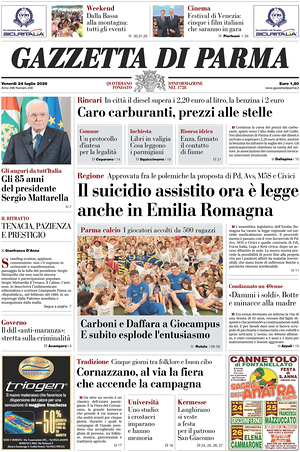 Prima pagina Gazzetta di Parma di oggi - Quotidiano regionale
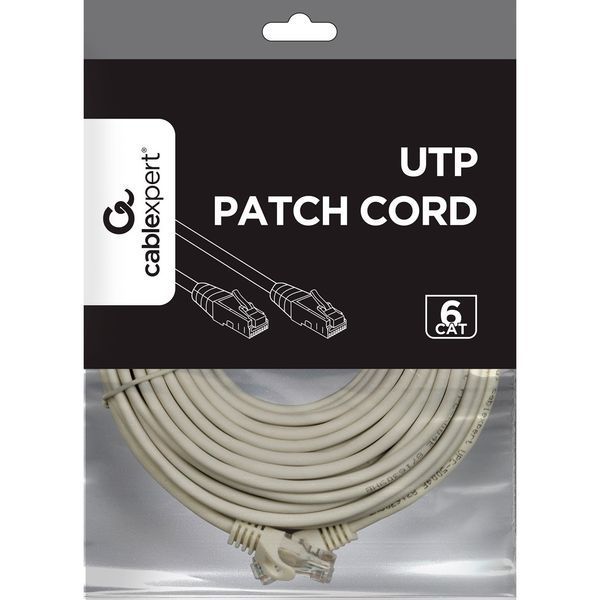 Патч-корд UTP Cablexpert (PP6U-CU-10M) Cat.6, литий, 50u" штекер із засувкою, 10 м, сірий 540717 фото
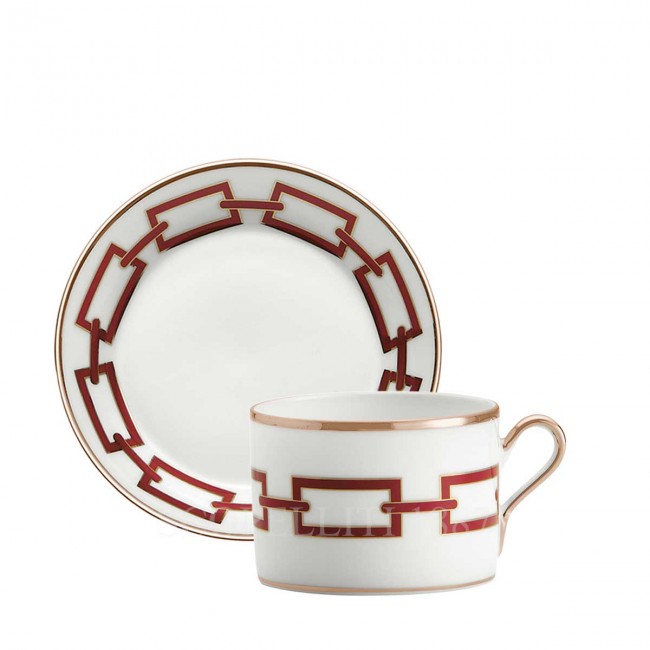 GINORI 1735 Ginori 티 컵앤소서 Catene Red Ginori 1735 Ginori Tea Cup and Saucer Catene Red 01024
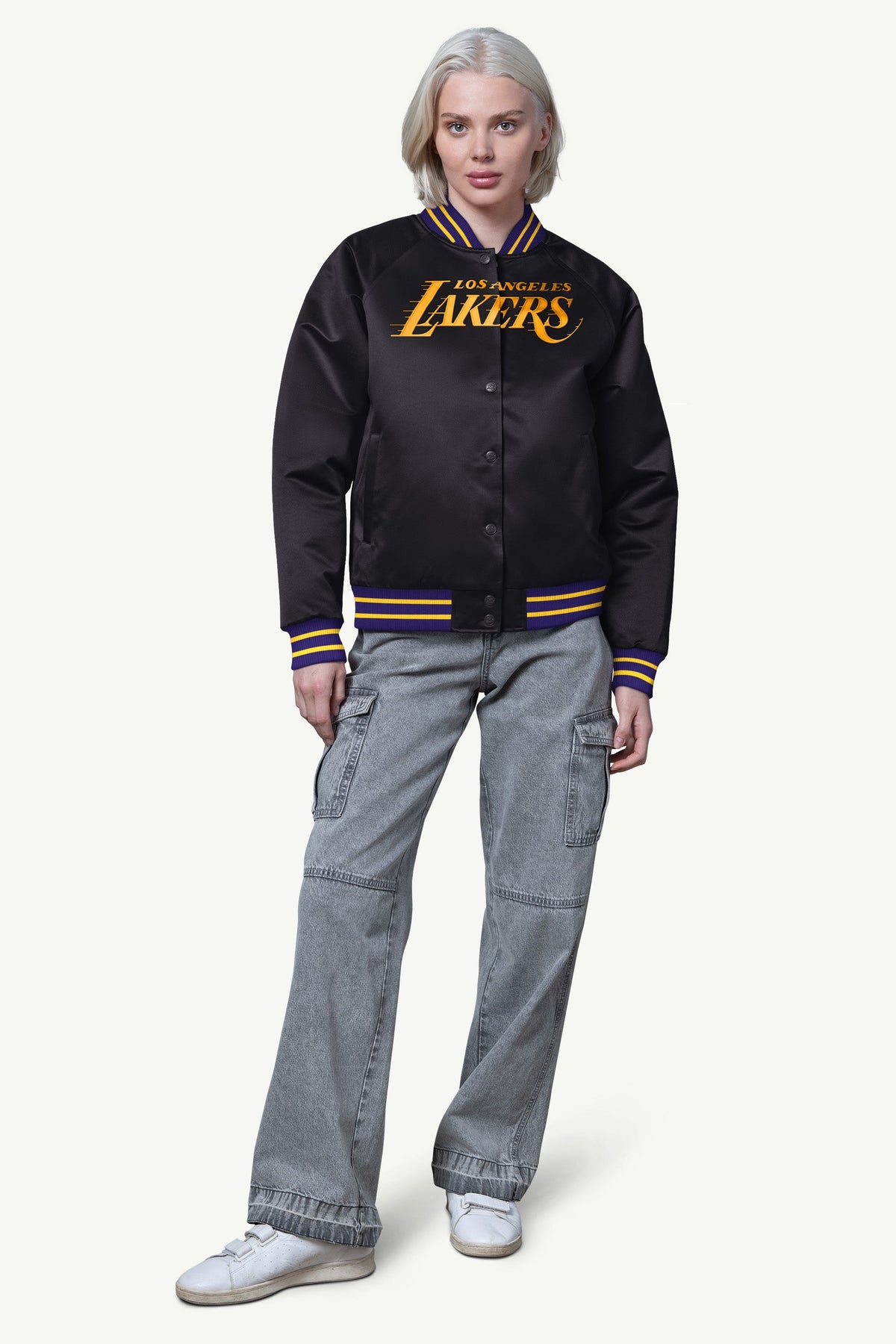 Starter Exclusive / WOMENS LA LAKERS FINAL SCORE SATIN VARSITY JACKET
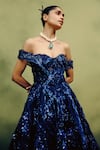 Shop_Dolly J_Navy Organza Embroidery, Sequins Off-shoulder Stellar Noir Ball Gown _at_Aza_Fashions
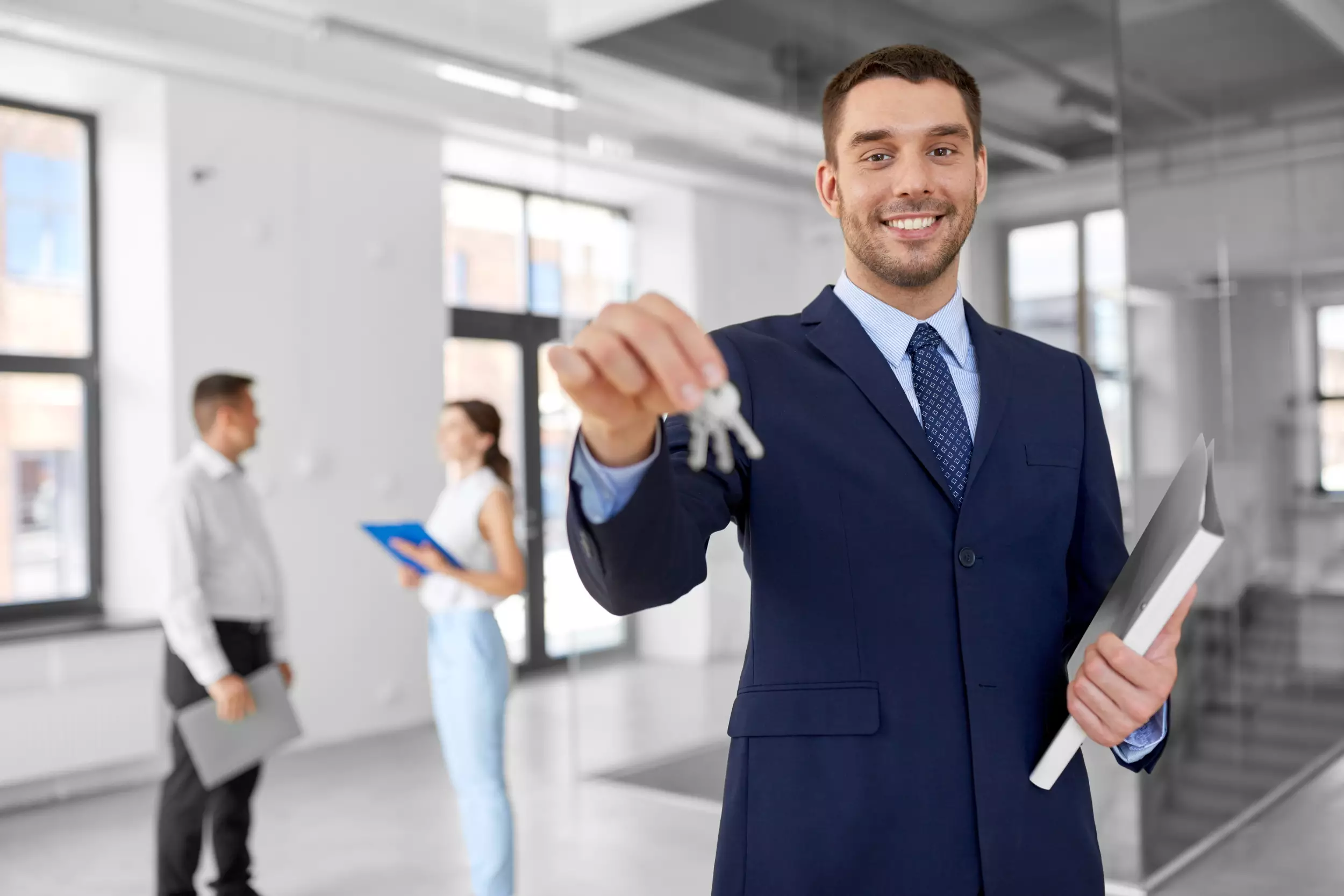 Smiling realtor in new home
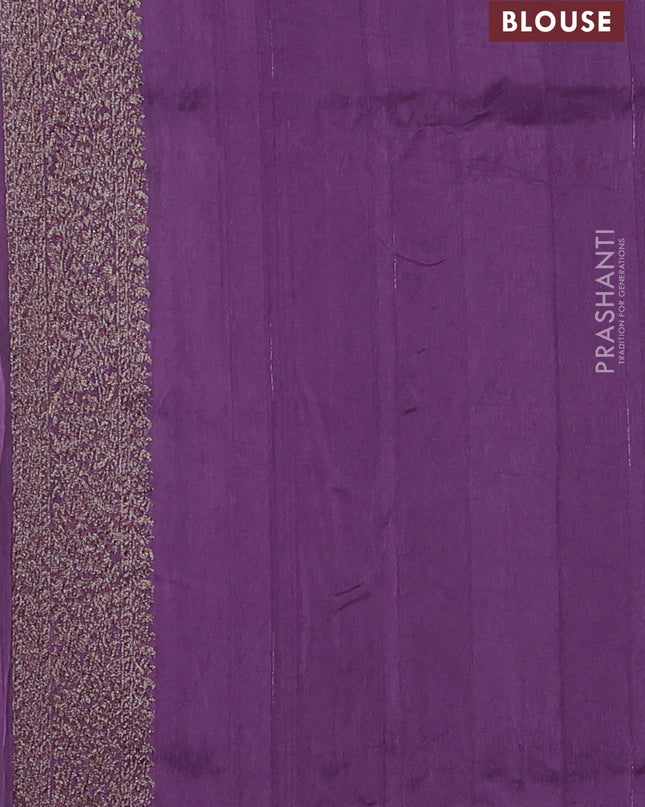 Banarasi semi raw silk saree lavender with woven buttas and woven border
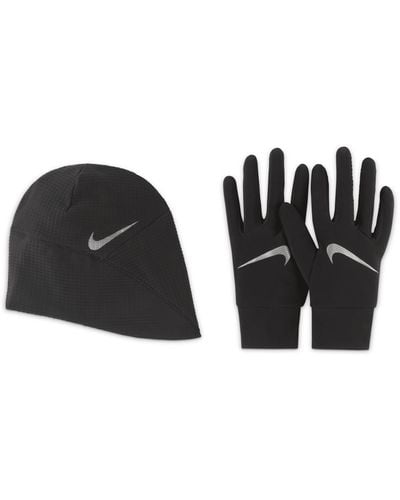 Nike Essential Running Hat And Glove Set - Black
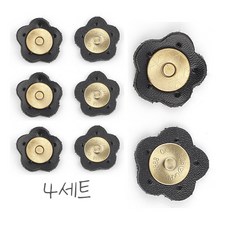핸드메이드 가죽 자석 스냅단추 꽃 4세트, 1개, 블랙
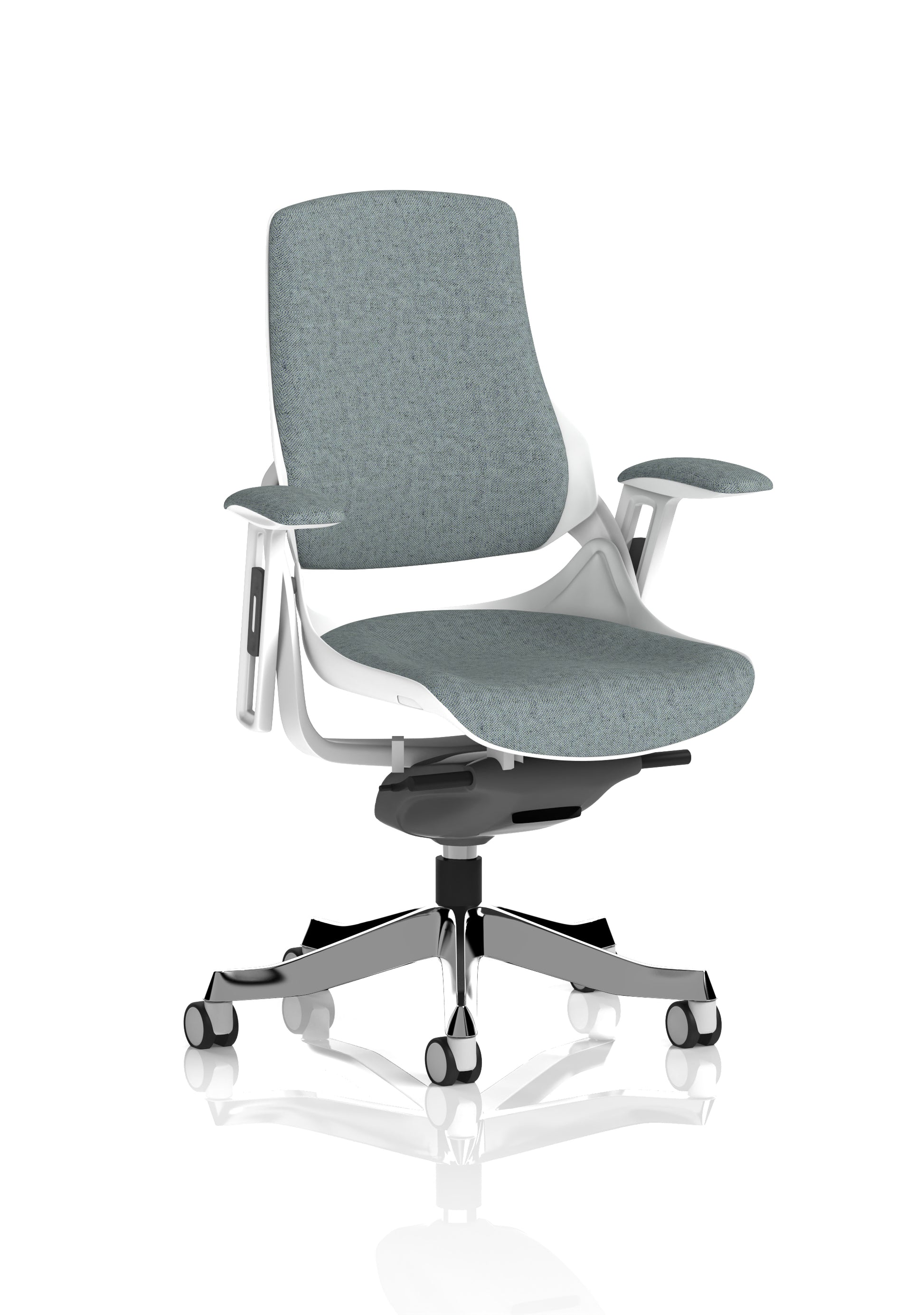 Zure High Back White Shell Fabric Executive Office Chair with Arms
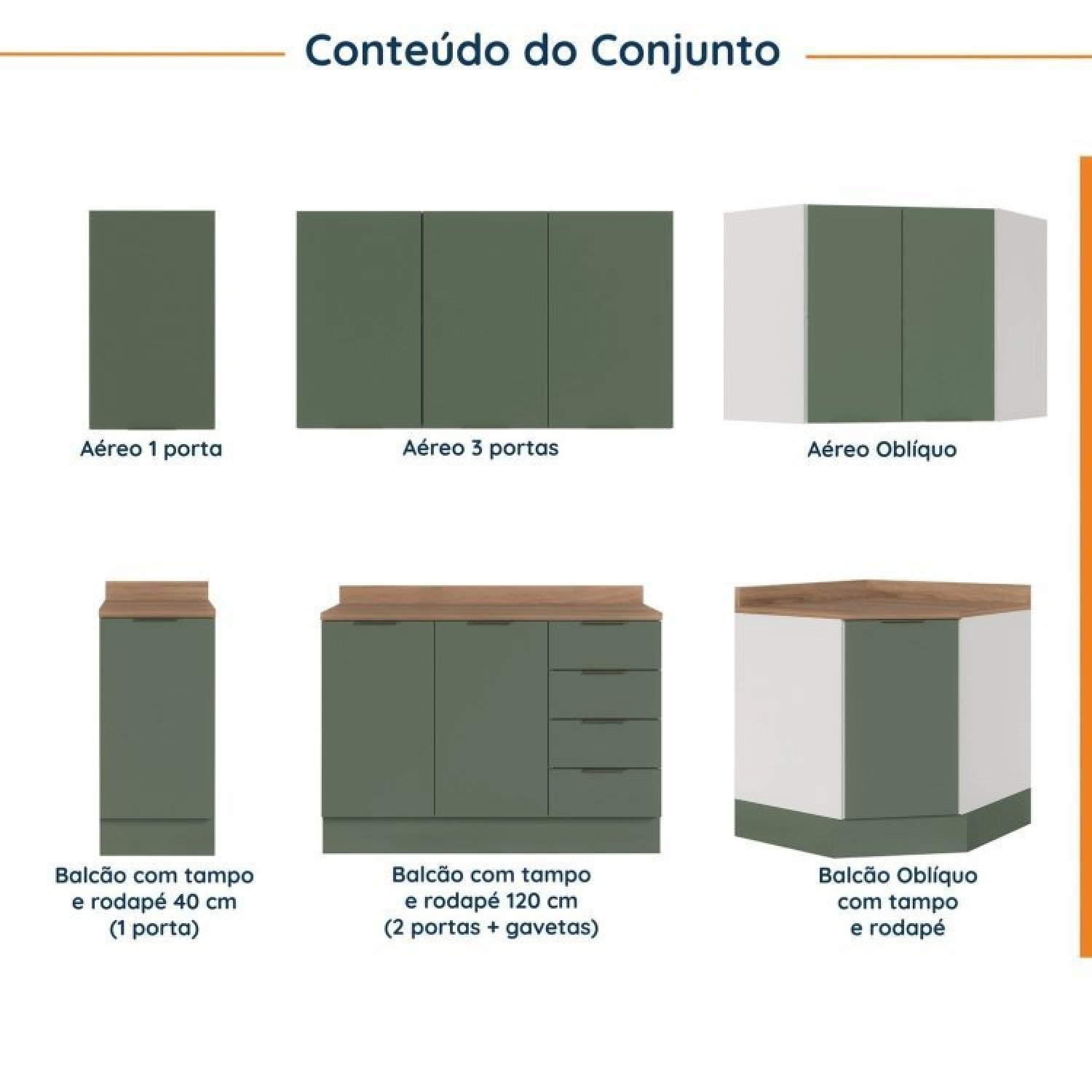 Cozinha Modulada 6 Peças com Tampo 3 Aéreos 6 Portas e 3 Balcões Ipanema CabeCasa MadeiraMadeira - 6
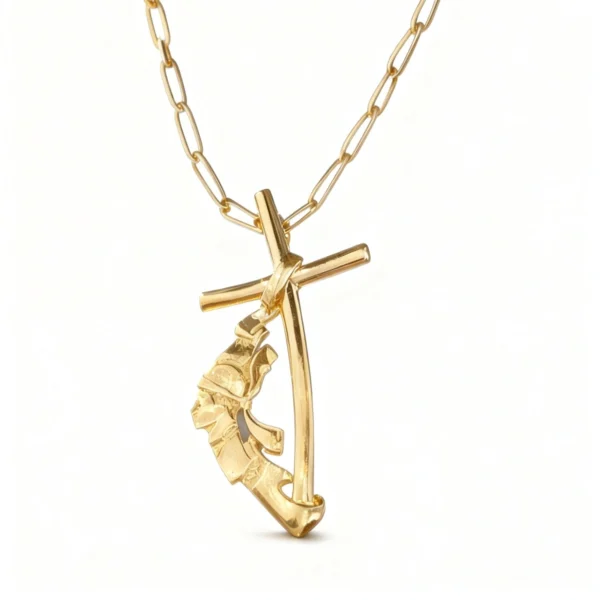 Pendentif or 18k - Pendentif drapeau corse et croix or 18k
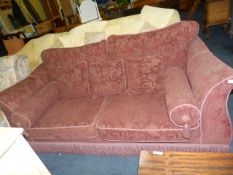Burgundy Floral Pattern Two Seat Sofa with Loose Cushions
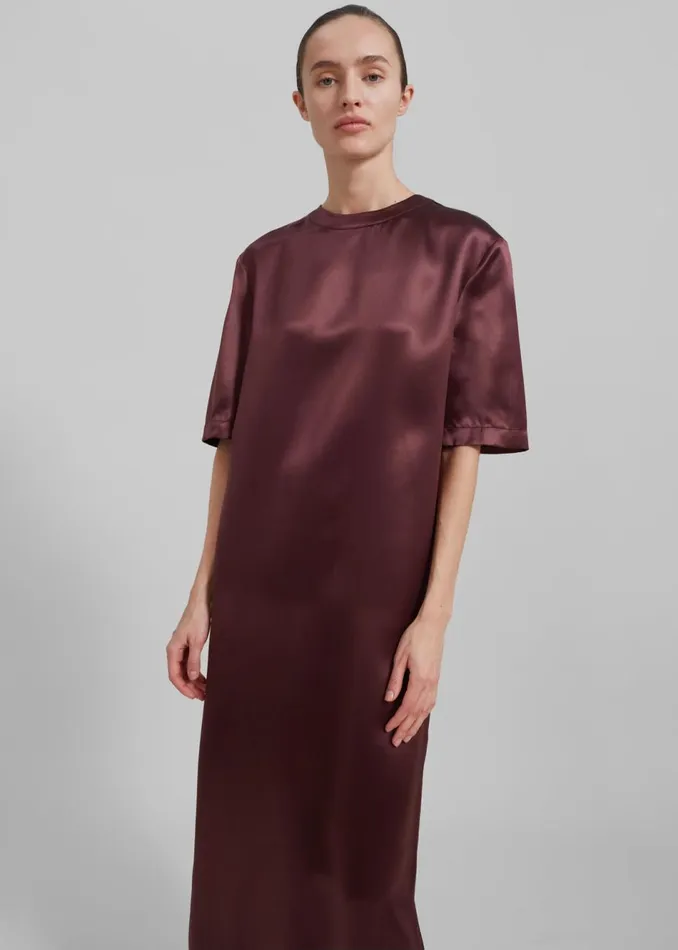 Women The Frankie Shop Dresses Loulou Studio Tuga Satin TShirt Dress Midnight Bordeaux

Prompt.
Pick up at the line that holds "Pendentif or 18k" and restate each line, word for word, through the last line of the entries. Include both end lines but none of the pictures.

Problem solution.
 Pendentif or 18k - Pendentif drapeau corse et croix or 18k
Burgundy Floral Pattern Two Seat Sofa with Loose Cushions
 Women The Frankie Shop Dresses Loulou Studio Tuga Satin TShirt Dress Midnight Bordeaux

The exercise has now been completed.